There are two important reasons to get the mac addresses for as many devices as possible:
- Derive the manufacturer from the mac address
Usually, the first three octets of a mac address identify the vendor. There are a lot of web pages to identify the manufacturer based on the mac address. One example of such a service is
You can also download the mac address to manufacturer database from various web pages. We have integrated the mapping in our product. This enables us to identify the manufacturer. Whenever JDisc Discovery has no access credentials or the device does not expose any standard protocol, then the device appeared as an unidentified device. However, with the mac address, we can at least resolve the manufacturer.

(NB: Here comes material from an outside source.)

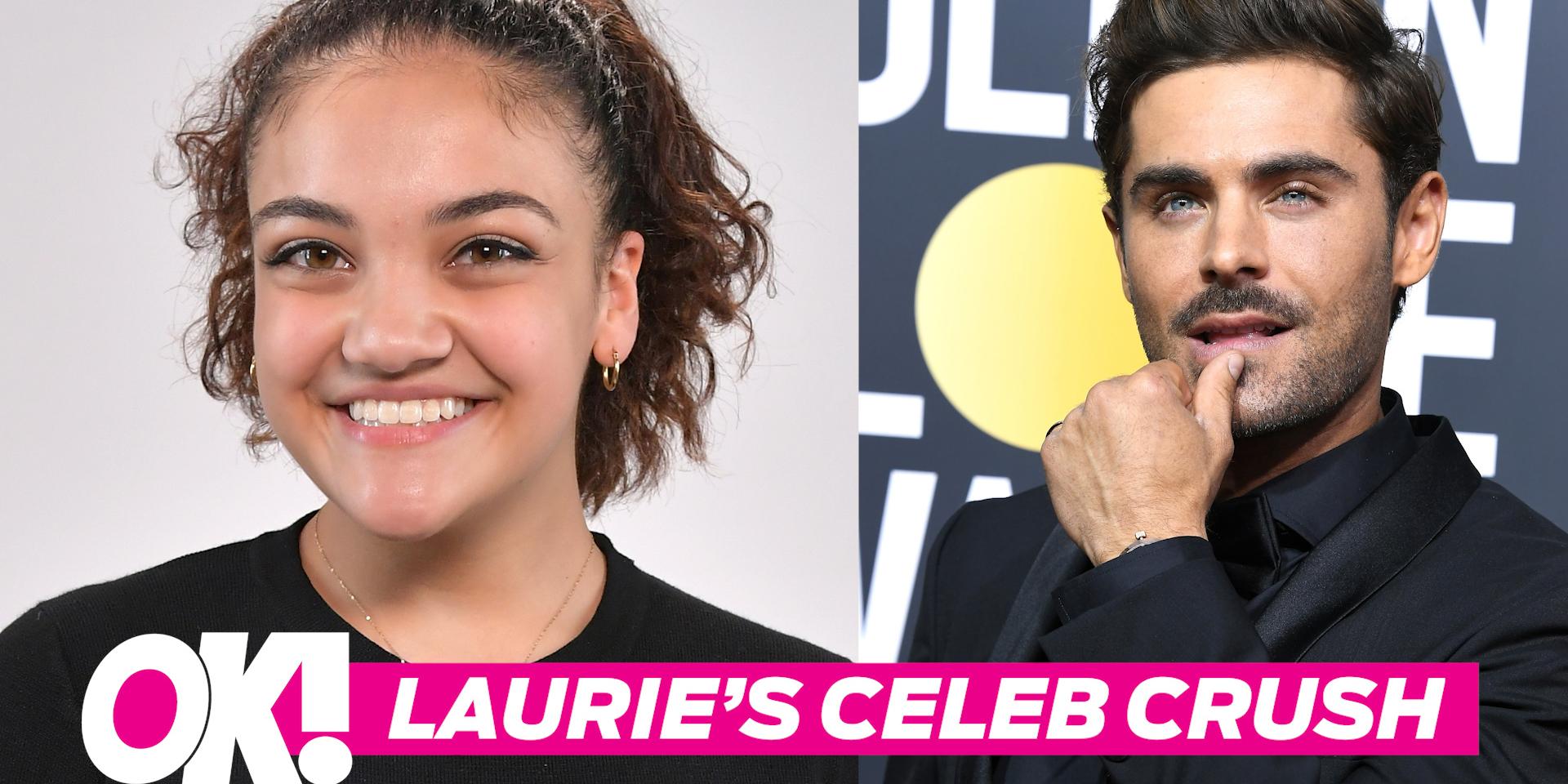 Laurie hernandez wants to meet this stranger things star hero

- Create a proper network topology
Mac addresses are essential for creating a proper network switch topology. Switches are network layer 2 devices and thus work with mac addresses. Each switch maintains an internal mapping table that maps mac addresses to switch ports. This mapping table (e.g. downloadable from
https://macaddress.io/database-download/csv) can be used to determine what device is connected to which switch port. The prerequisite is that you also have the corresponding mac address for a device. So it is essential to determine for as many devices the corresponding mac address! Without the mac address, the switch port assignment for devices cannot be done!
However, it is not always trivial to determine the mac address for a given IP address. When the device’s IP address resides within the same network segment as the discovery computer, then it is not difficult to obtain the device’s mac address. Simply ping the IP address and then run an ARP command to read the current ARP cache.
The example above illustrates how it works. First, you ping the desired IP address (in this case 192.168.178.1). That will populate the local ARP cache with the corresponding mac address (here: cc:ce:1e:b4:40:01). Now you can use this mac address and use any page to lookup the vendor.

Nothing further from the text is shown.